> Exercise input:
+++

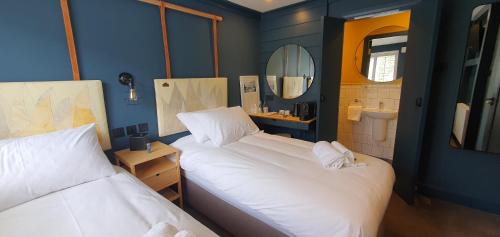a room with two beds and a bathroom with a mirror at The Lemon Leaf Café Bar and Townhouse in Kinsale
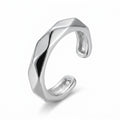 Rhodium 925 silver faceted band ear cuff for non-pierced wear, beside a velvet box on marble. Luna Dura Dubai.
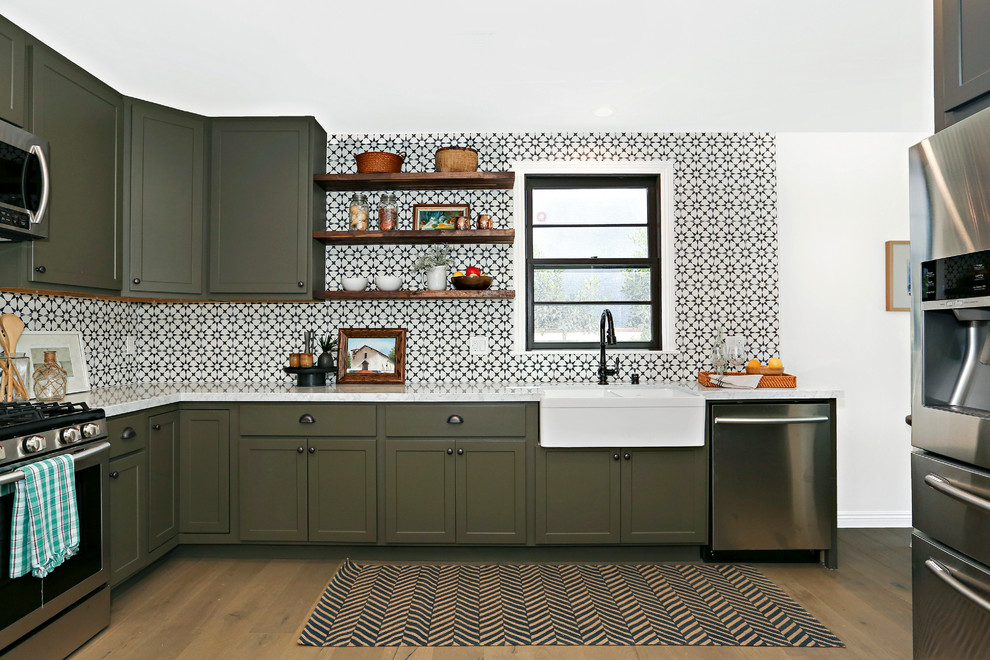 Inspiration for a mediterranean l-shaped medium tone wood floor kitchen remodel in Los Angeles with a farmhouse sink, recessed-panel cabinets, green cabinets, multicolored backsplash, stainless steel appliances, no island and cement tile backsplash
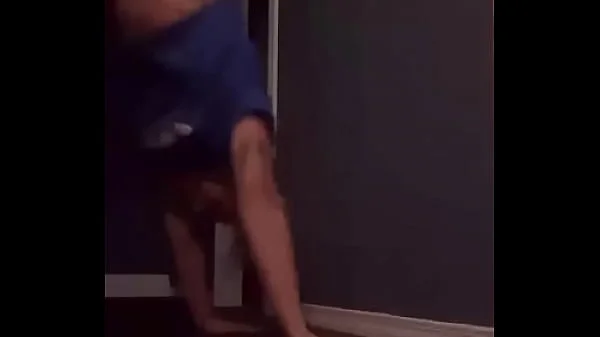 Teen doing a handstand with nip slip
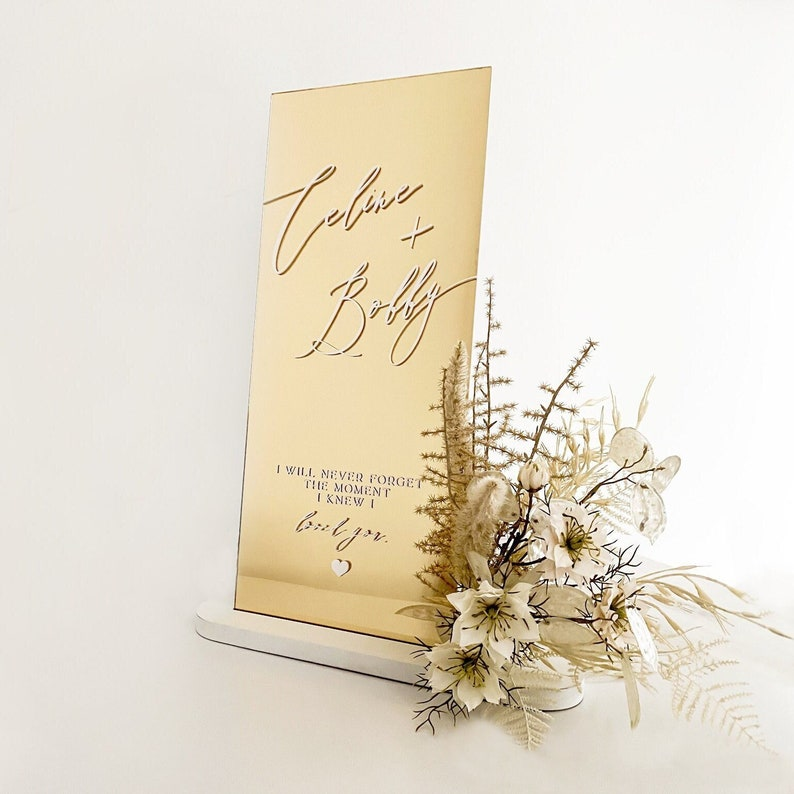 Vertical gold mirror acrylic wedding welcome sign featuring custom names, a quote, and a floral arrangement.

+++

> To do: The answer should contain only the lines from the beginning of the material above through the line with "Rhodium 925 silver", retyped exactly, with the pictures removed.

> Reply:
a room with two beds and a bathroom with a mirror at The Lemon Leaf Café Bar and Townhouse in Kinsale
 Rhodium 925 silver faceted band ear cuff for non-pierced wear, beside a velvet box on marble. Luna Dura Dubai.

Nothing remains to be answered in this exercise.